Zulip Chat Archive

Stream: new members

Topic: Wikipedia


Marcus Zibrowius (Jun 28 2022 at 19:15):

The wikipedia entry on the QED manifesto states:

"[T]he Mizar library has successfully formalized a large portion of undergraduate mathematics. As of 2007 it is the largest such library."

Obviously, this is outdated. What should the page say today? And is there a meaningful quantitative way to compare the Mizar library with mathlib?

Anne Baanen (Jun 28 2022 at 22:03):

We maintain a list of undergraduate mathematics formalized in Lean, based on the French curriculum. So my first suggestion would be to compare the percentage of completion of that list to that of Mizar.

Anne Baanen (Jun 28 2022 at 22:05):

Another quick and dirty comparison would be the progress on the top 100 theorems.
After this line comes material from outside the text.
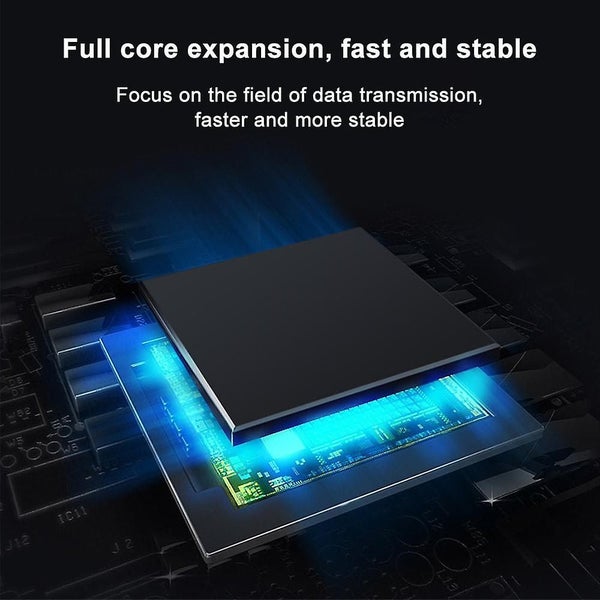 Usb 3.0 Hub, Mini Usb Hub With 4 Usb 3.0 Ports For Macbook, Mac Pro Carousel 5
Apparently Lean is now ahead of Mizar by 1 whole theorem!

Alex J. Best (Jun 28 2022 at 22:49):

I think it's very difficult to make such comparisons, especially in this somewhat rapidly changing area, most obvious metrics have flaws. The aim of a reference work like Wikipedia should probably instead stick to mentioning some big projects in the area, when the absolute "largest" is hard to pin down with a reasonable measure of size.

Marcus Zibrowius (Jun 29 2022 at 13:05):

Thanks for the links! I just thought it would be appropriate to mention mathlib on that page. And if it was possible to make a vague quantitative comparison, I would also include it there. But I can't find as a good an overview over what parts of the curriculum are actually covered by the Mizar library. So for now I've just made the most minimal edit to the Wikipedia page:

The Mizar Mathematical Library formalizes a large portion of undergraduate mathematics, and was considered the largest such library in 2007.[4] Similar projects include the Metamath proof database and the mathlib library written in Lean.[5]